Corey Barlow

Clark Atlanta Panthers
- Title: Defensive coordinator & safeties coach

Personal information
- Born: November 1, 1970 (age 55) Atlanta, Georgia, U.S.
- Listed height: 5 ft 9 in (1.75 m)
- Listed weight: 182 lb (83 kg)

Career information
- Position: Defensive back (No. 24)
- College: Auburn
- NFL draft: 1992 (5th round, 129th overall pick)

Career history

Playing
- Philadelphia Eagles (1992–1994); Amsterdam Admirals (1996); Nashville Kats (1999); Grand Rapids Rampage (1999);

Coaching
- Southside HS (2000–2001) Defensive backs coach; Morehouse (2002–2005) Defensive backs coach; Rhode Island (2006) Defensive backs coach; UAB (2007–2011) Cornerbacks coach; Savannah State (2012) Cornerbacks coach; Savannah State (2013–2014) Defensive coordinator & defensive backs coach; Faulkner (2018) Defensive coordinator & defensive backs coach; Southwest Mississippi CC (2019–2020) Defensive coordinator; South Carolina State (2021–2023) Cornerbacks coach; Alabama A&M (2024) Cornerbacks coach; Fort Valley State (2025) Defensive coordinator; Clark Atlanta (2026–present) Defensive coordinator & safeties coach;

Awards and highlights
- First-team All-SEC (1991); Second-team All-SEC (1990); Auburn All-1990s decade team;

Career NFL statistics
- Fumble recoveries: 1
- Stats at Pro Football Reference

= Corey Barlow =

American football player and coach (born 1970)

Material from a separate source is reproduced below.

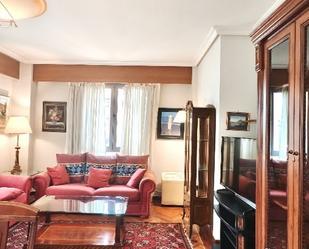 Living room of Flat to rent in  Madrid Capital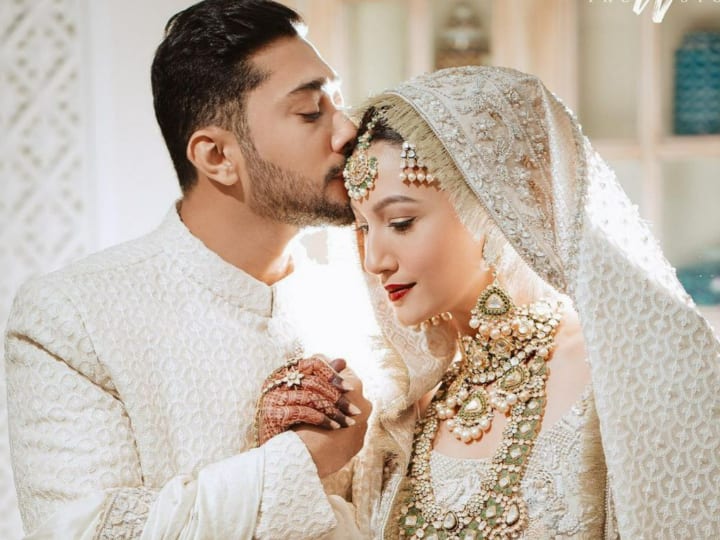 Gauhar Khan Wedding Pics: बॉलीवुड एक्ट्रेस गौहर खान बहुत जल्द मां बनने वाली हैं. एक्ट्रेस ने खुद ये खुशखबरी फैंस के साथ शेयर की है. आज हम आपको एक्ट्रेस की शादी की अनदेखी तस्वीरें दिखाने जा रहे हैं.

Corey Antonio Barlow (born November 1, 1970) is an American college football coach and former professional player who was a defensive back for three seasons in the National Football League (NFL), one season in the World League of American Football (WLAF), and one season in the Arena Football League (AFL). He is the defensive coordinator and safeties coach for Clark Atlanta University, positions he has held since 2026. He was selected by the Philadelphia Eagles in the fifth round of the 1992 NFL draft after playing college football for the Auburn Tigers.

==Professional career==
Barlow was selected by the Philadelphia Eagles in the fifth round of the 1992 NFL draft (129th overall), but did not play in a game for the team during his rookie season. He played in 10 games for the team in 1993. Barlow re-signed with the Philadelphia Eagles on a one-year contract on June 21, 1994, before suffering a torn anterior cruciate ligament in his left knee. He was subsequently placed on injured reserve on August 27, ending his season. He was selected by the Amsterdam Admirals in the 18th round of the 1996 WLAF Draft (109th overall) and played for the team in 1996. He played for one season in the Arena Football League in 1999, for the Nashville Kats and the Grand Rapids Rampage.

==Coaching career==
After his playing career ended, Barlow was an assistant football and track & field coach at Southside High School in Atlanta, Georgia from 2000–2001. He was the football operations manager and defensive backs coach at Morehouse College from 2002–2005, and he was hired by Rhode Island as the team's secondary coach on March 30, 2006. UAB hired Barlow as the team's cornerbacks coach on December 23, 2006. He was hired by Savannah State as the team's cornerbacks coach in 2012. Savannah State head coach Steve Davenport was fired on April 17, 2013, and Barlow was named interim head coach.